Ce qui en dit long sur l’extraordinaire capacité qu’a Alexandre Dumas à rendre incroyablement vivant et intriguant un monde entier avec sa plume.
Le roman débute en 1815, le jour où Napoléon Bonaparte s’embarque de l’île d’Elbe pour la France et ses cent derniers jours de règne. Contrairement aux « Trois Mousquetaires », l’œuvre située dans un contexte contemporain de l’époque de Dumas lui-même. Edmond Dantès, un marin de faible extraction que rien ne prédispose à la grandeur, et qui n’aspire d’ailleurs qu’à mener une petite vie paisible avec son père qu’il admire et sa fiancée qu’il adore, débarque avec son navire à Marseille, où il doit se marier. La jalousie, la cupidité et la lâcheté de soi-disant "amis" en décidera toutefois autrement, et le condamneront à disparaître dans les profondeurs du sinistre Château d’If.
Des années plus tard, la figure magnifique et presqu’omnipotente du comte de Monte-Cristo refait son apparition parmi les mondains parisiens, à la tête d’une fortune fabuleuse et investi d’un devoir de vengeance, de justice, quasi divin.
Le roman est découpé en quatre parties – Marseille, le Château d’If, l’Italie, Paris – à l’équilibre admirable et qui également preuve d’une montée en tension graduelle. Chacune d’entre elle participe à la construction du personnage et constitue une étape logique de sa progression. Elles disposent, enfin, d’un thème et d’un style unique qui leurs confèrent une identité propre.
L’épisode fondateur, la partie qui est au cœur du roman et, par certains égards, l’une des plus marquantes, est celle du Château d’If. Celle-ci est consacrée à la longue captivité d’Edmond Dantès dans les geôles infernales de la lugubre prison, et s’articule donc autour des thèmes de l’enfermement et de la solitude. Si Dumas détaille très bien les affres de la vie de cachot et l’état d’esprit du prisonnier condamné à y pourrir indéfiniment (basculement vers la folie, tentation du suicide, le fol espoir de l’évasion), le livre gagne en profondeur avec l’introduction de l’abbé Faria. Ce qui était jusque-là un roman de prison se pare des atours du roman d’apprentissage.

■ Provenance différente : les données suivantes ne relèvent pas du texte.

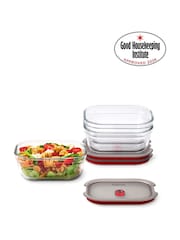 Black & Blum Set of 3 Grey Red 600ml Glass Stack and Nest Food Storage Boxes - Image 4 of 6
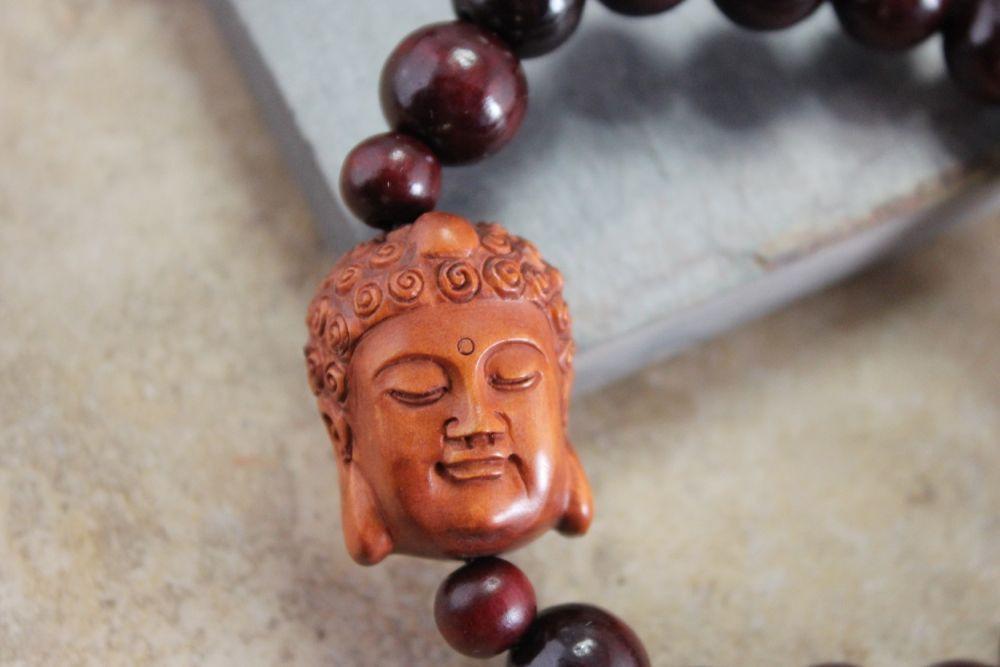 Hand Carved Wooden Buddha Mala Beads - 108 Prayer Beads Meditation Necklace for Yoga, Mindfulness & Spiritual Healing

Père de substitution, l’abbé va transmettre tout son savoir à son malheureux camarade de prison, transformant le garçon intelligent, mais ignorant, en véritable homme du monde aux savoirs illimités. Le tout s’orne d’une multitude de détails sur les techniques de communication des deux prisonniers, sur les artifices ingénieusement déployés par Faria pour assurer sa postérité et sur les projets d’échappatoire ébauchés dans l’humidité et le froid du donjon.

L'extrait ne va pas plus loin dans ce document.